The Benefits of OSHA's Injury and Illness Prevention Program- Make it a Good Investment
This is a sound investment for every aspect of business. Workplace injuries and illnesses have not only emotional and physical costs, but also are a significant financial burden on businesses in terms of worker's compensation and fines. The Liberty Mutual Research Institute for Safety reported in a 2010 study that the cost of the worst occupational injuries in 2008 alone was $51.3 billion.
Plus there are indirect costs — things that are not as obvious — to consider:
- Replacement costs for damaged premises and equipment/machinery.
- Costs due to work stoppage when an accident occurs and if there is an investigation.
- Lost productivity from recovering workers and/or training and hiring replacements.
- Administrative costs to document the accident and follow-up with the affected employee(s).
OSHA reviewed the safety records of eight states in which safety programs were required or encouraged through worker's compensation programs. These states had workplace accident reductions ranging from 9.4 percent (Washington) to 63 percent (Texas). They also found that California, Hawaii and Washington reduced their occupational fatality rates to as low as 31 percent below 2009's national average.
Businesses are diverse and come in all sizes, so a cookie-cutter program is not recommended. However, OSHA guidelines can be scaled and adapted to fit the needs of any business. Small businesses may be interested in a smaller, low-cost SHARP program, for instance.
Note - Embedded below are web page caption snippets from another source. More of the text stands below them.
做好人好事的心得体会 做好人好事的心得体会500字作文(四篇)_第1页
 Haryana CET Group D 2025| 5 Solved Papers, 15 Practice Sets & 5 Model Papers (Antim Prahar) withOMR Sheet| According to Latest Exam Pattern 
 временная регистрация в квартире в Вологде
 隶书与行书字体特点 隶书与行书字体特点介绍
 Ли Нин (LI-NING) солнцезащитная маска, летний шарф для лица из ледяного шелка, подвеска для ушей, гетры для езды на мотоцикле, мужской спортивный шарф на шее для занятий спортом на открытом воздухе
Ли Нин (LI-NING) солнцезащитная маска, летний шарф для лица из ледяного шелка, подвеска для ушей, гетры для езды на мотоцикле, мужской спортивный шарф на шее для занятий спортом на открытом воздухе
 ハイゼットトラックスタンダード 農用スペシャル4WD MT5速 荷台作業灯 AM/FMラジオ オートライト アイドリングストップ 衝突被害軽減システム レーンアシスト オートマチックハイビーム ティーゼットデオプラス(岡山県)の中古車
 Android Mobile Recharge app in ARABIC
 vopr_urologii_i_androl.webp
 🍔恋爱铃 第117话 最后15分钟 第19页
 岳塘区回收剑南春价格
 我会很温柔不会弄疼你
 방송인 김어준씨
Almost all good programs have the same elements, each of which is essential and interdependent on the other elements.
- The leadership of managers and supervisors who practice what they preach.
- Workers are educated and active participants in all aspects of the safety program.
- Hazards are identified and assessed for solutions and/or preventative measures.
- The most successful OSHA Injury and Illness Prevention Programs evaluate the program elements on a regular basis, always looking for what works well and what could use improvement.
It is clear that implementing an OSHA Injury and Illness Prevention Program can be effective in preventing costly injuries and devastating fatalities. The most successful programs involve everyone; executives, managers and employees. These workplaces are more efficient, productive and safe. The financial benefits are numerous, as the direct costs of accidents are avoided, but so are indirect costs that also affect the bottom line. Over time, businesses will also see a reduction in worker’s compensation premiums. These programs are a solid investment for every consideration.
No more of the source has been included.